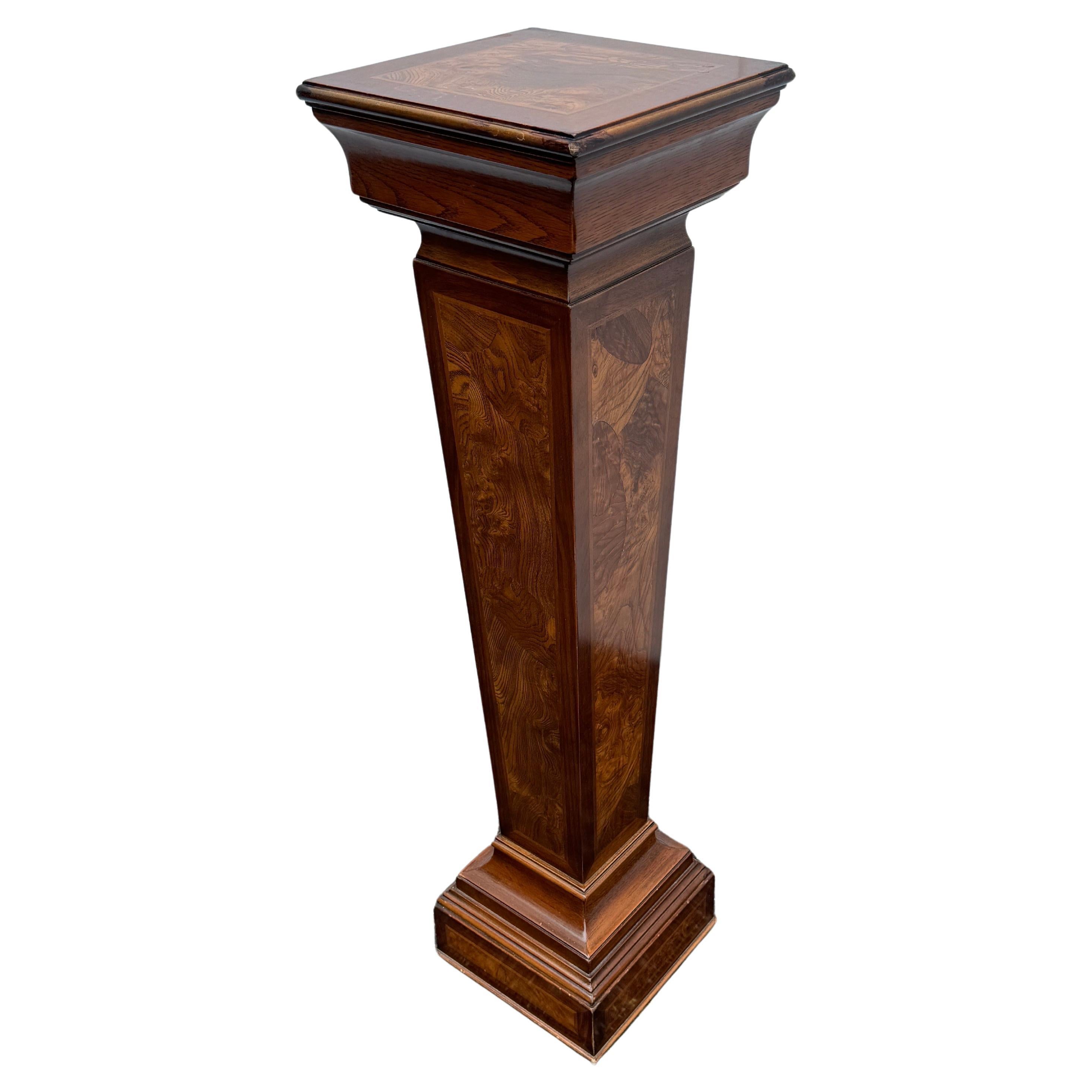 Italian Burl Wood Tapered Pedestal Stand In Good Condition For Sale In Haddonfield, NJ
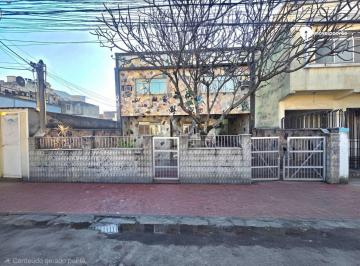 Imagem 1 · Casa para aluguel em Centro, Nova Iguaçu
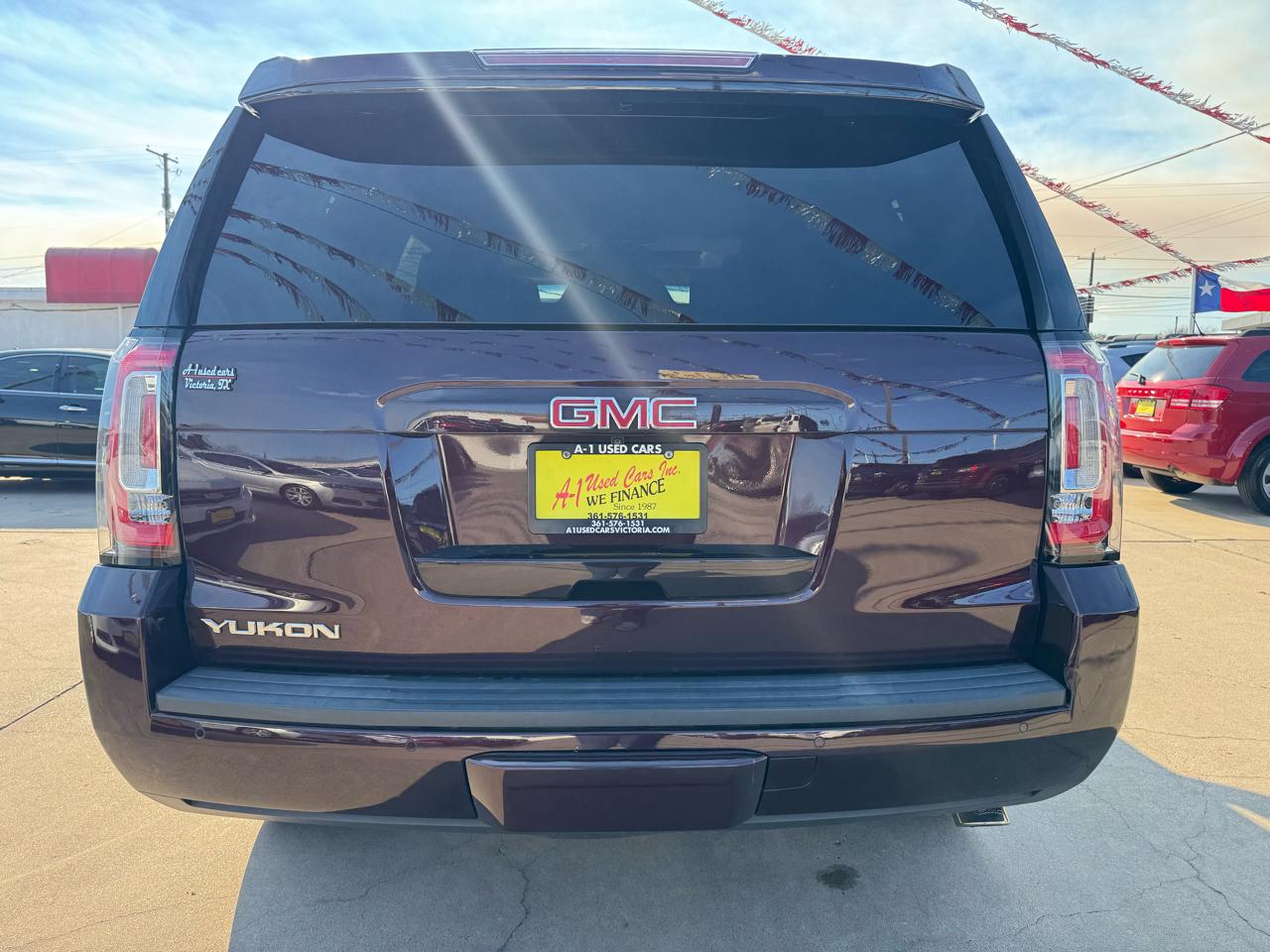 GMC Yukon SLT 2WD 2017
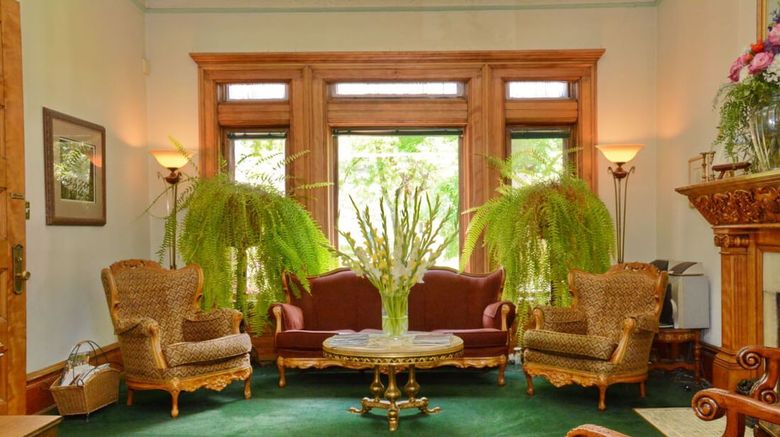 <b>Capitol Hill Mansion Bed & Breakfast Lobby</b>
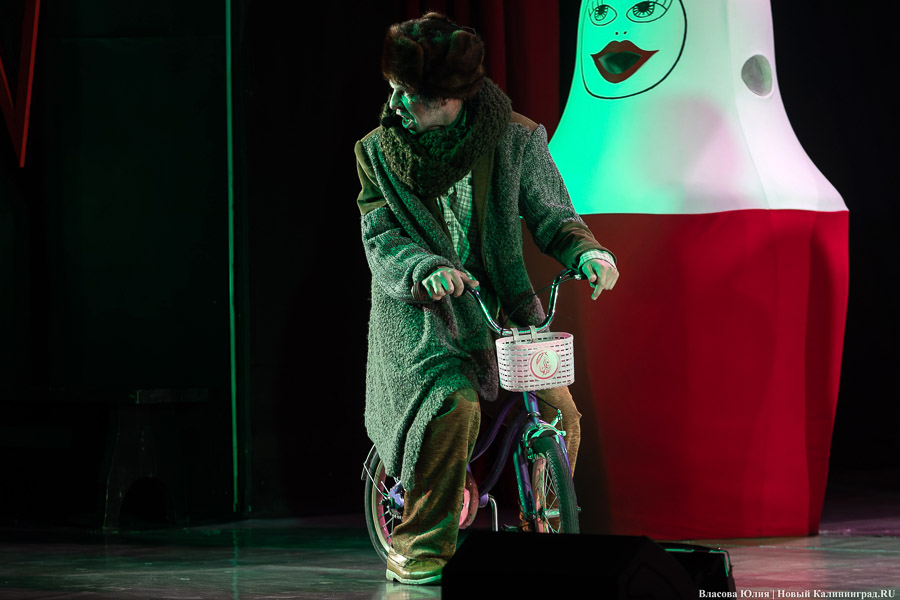 С интонациями The Beatles: в Музыкальном театре показали «Гоголюцинации Чичикова» (фото)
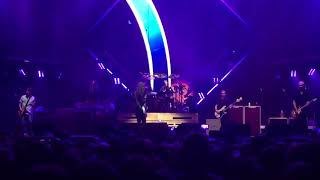 Foo Fighters - Breakdown Tribute to Tom Petty (Cincinnati 10/20/17)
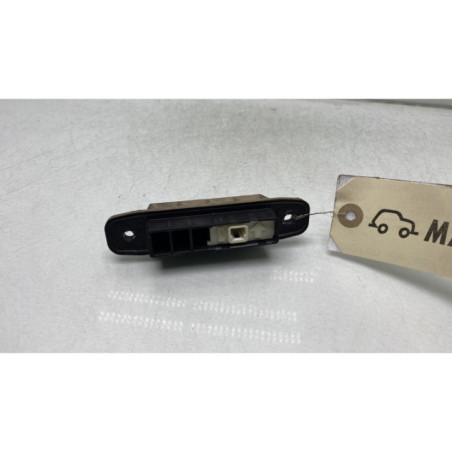 Bouton de coffre TOYOTA YARIS 3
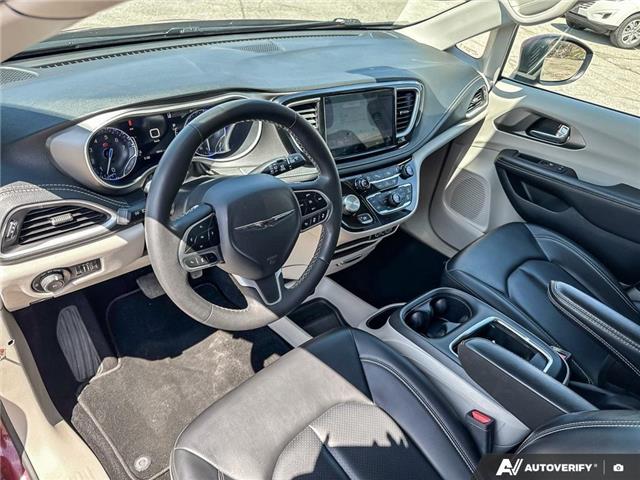 2023 Chrysler Pacifica Touring-L (Stk: 1067) in Kitchener - Image 12 of 24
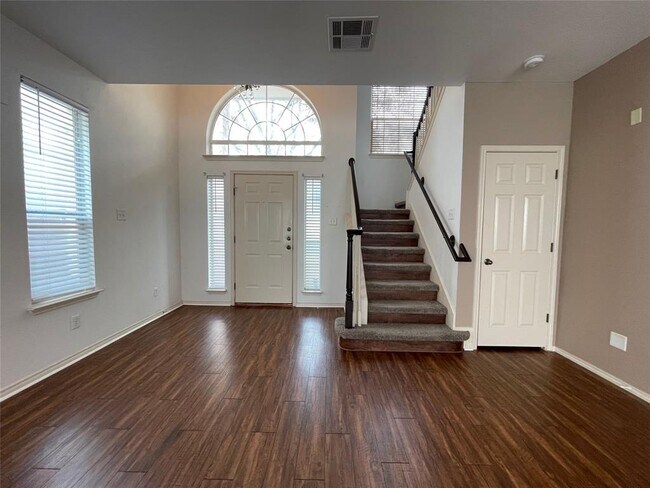 Foto del edificio - 10520 Dunham Forest Rd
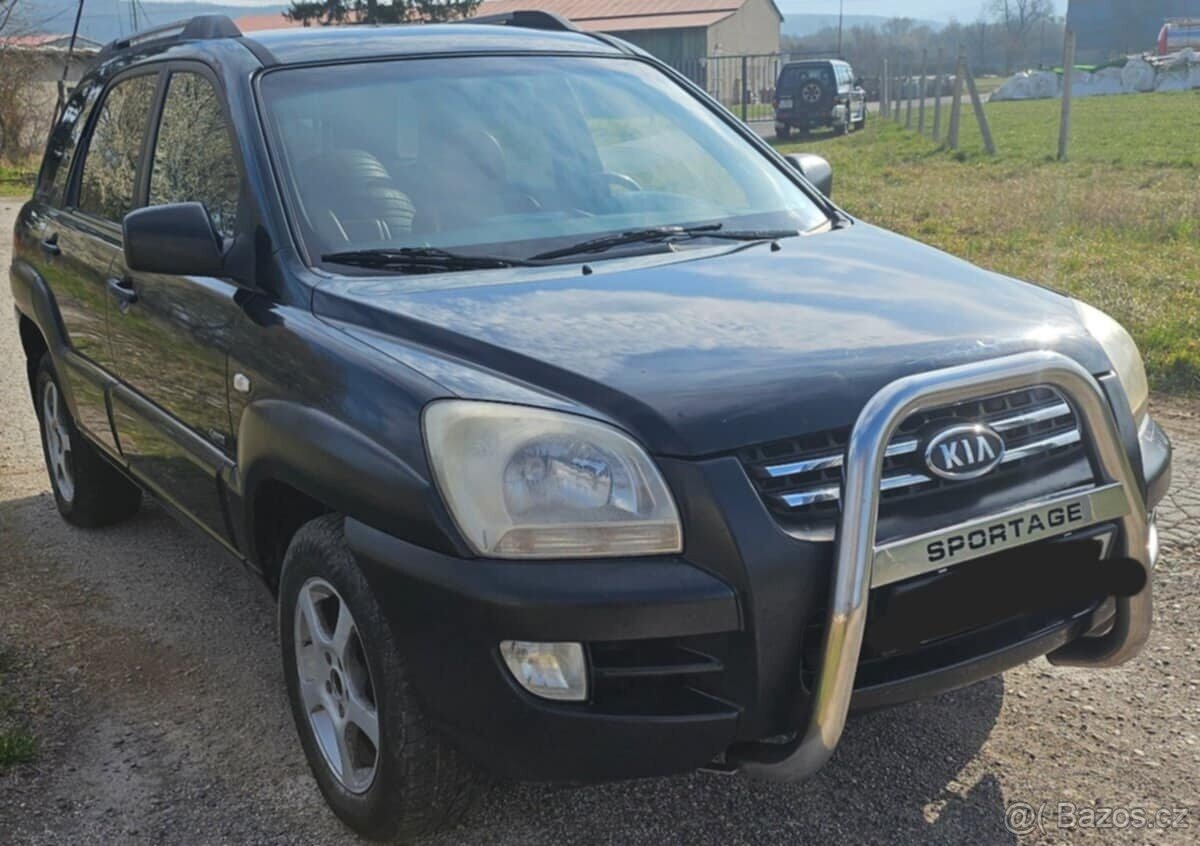 Rozprodám kia sportage 2.0 crdi 83kw 2008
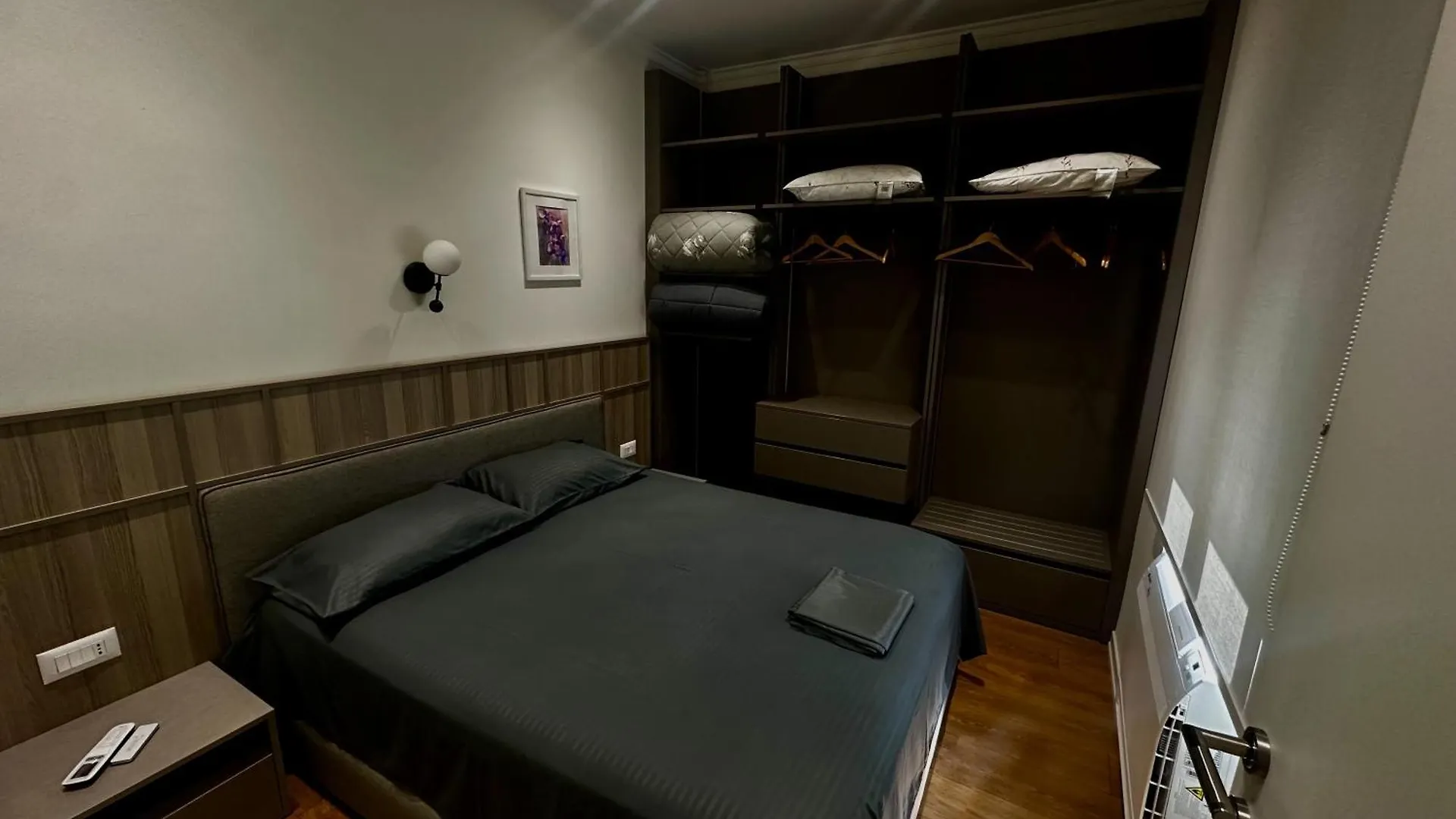 Apartment 1 Bedroom Flat Tirana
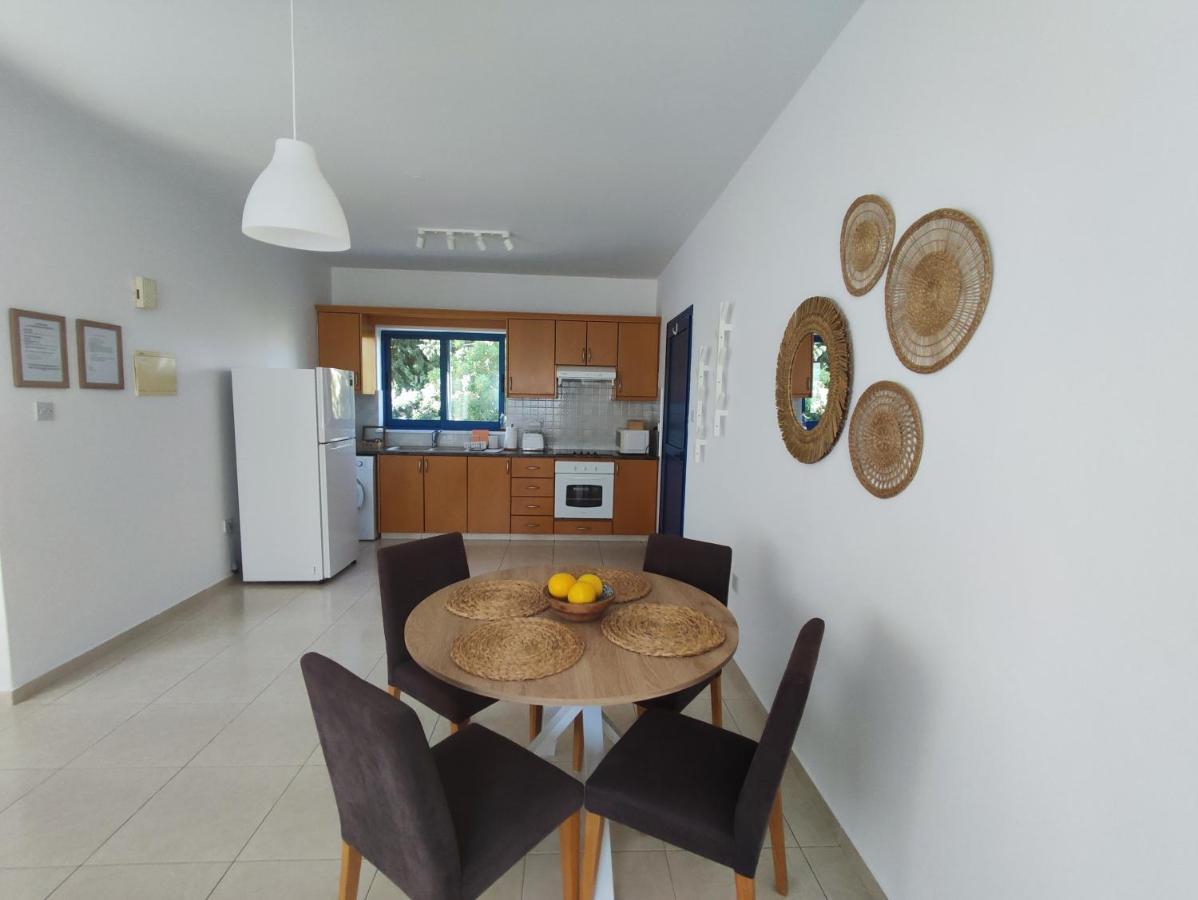 Ferienwohnung Marina Gardens Paphos Exterior foto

# What is expected
What you set down should be exactly the lines from the line containing "Rozprodám kia sportage 2.0 crdi 83kw 2008" to the last line of the entries above, both included, with no pictures.

# Solution for this task
 Rozprodám kia sportage 2.0 crdi 83kw 2008
 Apartment 1 Bedroom Flat Tirana
 Ferienwohnung Marina Gardens Paphos Exterior foto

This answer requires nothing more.